In the movie, the Corleone consigliere, Tom Hagen, after coming to terms with the assassination attempt on the Don and subsequent attacks on others including Michael, tries to caution a revenge-seeking Michael that what he is contemplating is driven by emotion rather than clear thinking. It is Michael, sporting a broken jaw, who uses this line to justify his plan.
Let’s get something straight: That was a fictional movie about a fictional family; in politics, while many things are fictional, this isn’t – EVERYTHING is personal.
Let’s go to the videotape:
While running for office, you put your life on hold; you take a lot of time away from family and other parts of your life; you ask registered voters to sign your petition; you knock on doors; you raise money; you press the flesh; you push yourself mentally and physically to near exhaustion and put yourself out there for the public to either accept or reject. That seems pretty personal.
Next, your opponent, or the opposing party, investigates you; reviews every public statement that you have made; views your social media; talks to friends and your enemies alike; dumpster dives for any morsel of opposition research; views every vote you cast including the first one when you were still in high school; scans for pictures on the internet with some potentially embarrassing character; vets your fundraising dollars and then cobbles all this together to destroy or humiliate you in an attempt to ensure you lose the election. Sound personal yet?
You finally cross the finish line a winner and exhale. After which, and this is always fascinating to watch, akin to feeding time at the zoo, your opponents slowly make their way over to congratulate you and say – “It wasn’t personal.” Those moments are ones to savor.
Advice (As given to me by Senator William Gormley [who never took his own advice]): Be a gracious winner. I swallowed hard after some of my wins and did just that, never forgetting and always growing the “black list” (kidding of course). Don’t bother reviewing every donation on your opponent’s ELECs and vow to exact revenge on each and every “co-conspirator.” What is the point? And don’t waste your time vowing to punish the political operatives and consultants who made that horrible mail piece about you that your family saw or the “hate mail” described as a “contrast” piece about your foreign-born mother. Be the bigger person and push on. Remember: “It’s not personal, it’s strictly business.”
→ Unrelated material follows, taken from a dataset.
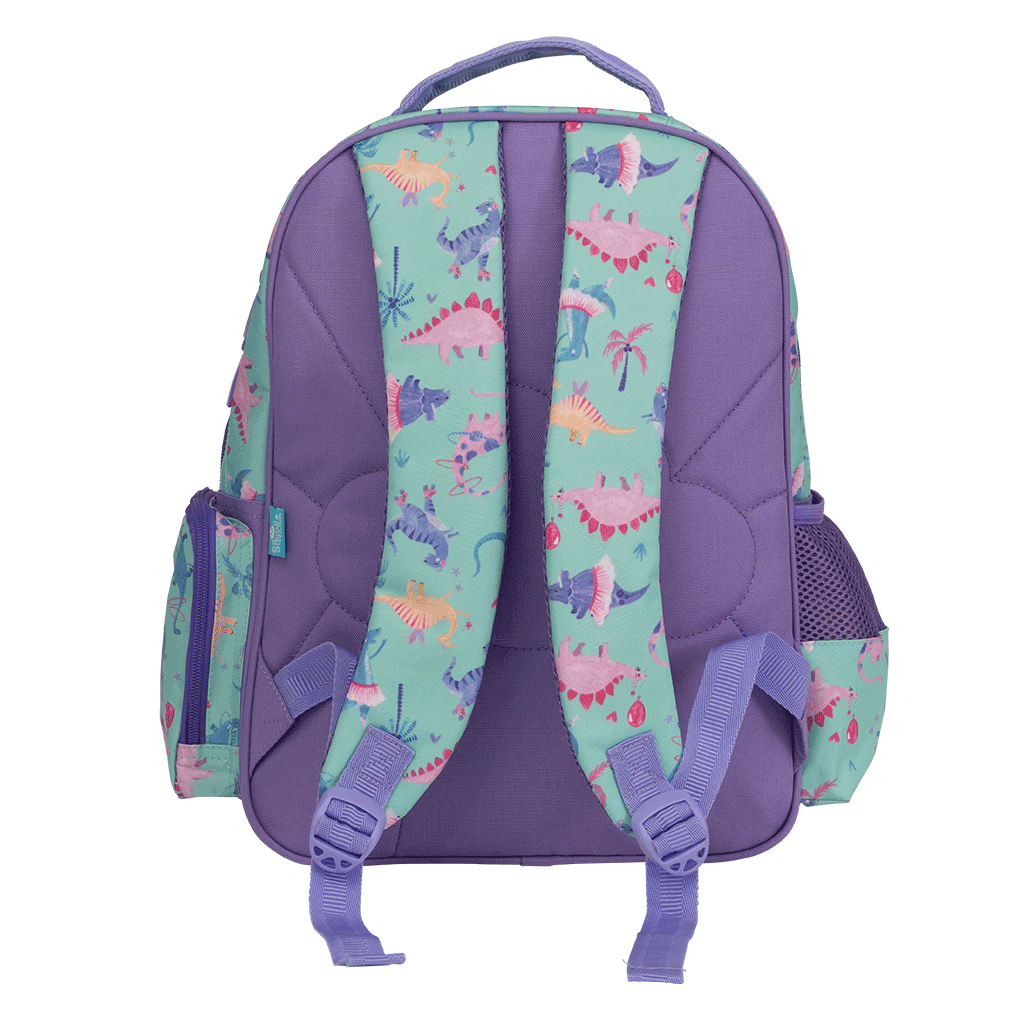 Spencil Roar-some Small Backpack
Let’s go further, you are a state legislator on a crusade to push a monumental bill or helping a particular cause or pushing a candidate for an appointment/job/judgeship and for reasons unknown a political force stops it all – bringing all of your hard work, planning and efforts to a halt. Once you get around to forensically dissecting the reason for the derailment, and you confront the agitator, you hear the response “it’s not personal, it’s strictly business.”
It isn’t personal?
Tell that to the left behind judicial candidate who has put his or her life on hold as they approached their dream job and are now crushed – personal and professionally.
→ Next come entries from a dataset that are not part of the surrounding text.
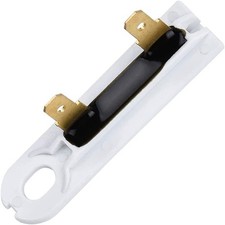 WP3392519 fit Whirlpool Kenmore Dryer Thermal Blower Fuse PS11741460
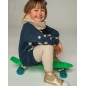 Leggings Malla Tricot De Mayoral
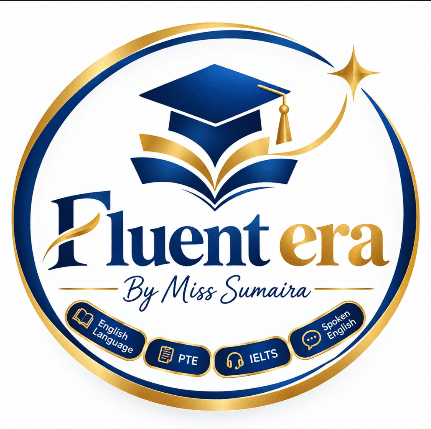 Fluent Era Logo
Tell that to the not for profit interest group whose funding was just shut down because you couldn’t pass that bill.
Tell that to the qualified appointee who simply wanted to serve on a professional board and was denied for unrelated courtesies.
Tell that to the failed candidate who has lost their day job and credibility due to unsubstantiated and vicious campaign mail.
From the moment, you decide to be a candidate to the moment you take your oath of office; your life is not your own. Everything, and most times everyone, takes a back seat. When you decide to champion a cause or issue you immerse yourself in every nitty-gritty detail, meet with various stakeholders, massage and cajole enough personalities to get a palatable piece of legislation. Once again, much like when you were a candidate, everything takes a back seat. Your life’s mission becomes rooted in the success of this issue.
Whether it be the win-at-all-costs mentality of your opponents, the anonymous internet haters, political bosses who want to silence you, the opposition party who can’t handle you, members of your own party who resent you, the outside groups hell-bent on defeating you or your issue – the business of politics and its many entanglements is personal.
I love the movie The Godfather and have given life to many of its memorable lines but one, because like the line in question – it’s a lie.
Sometimes in politics, it’s not business – it’s personal.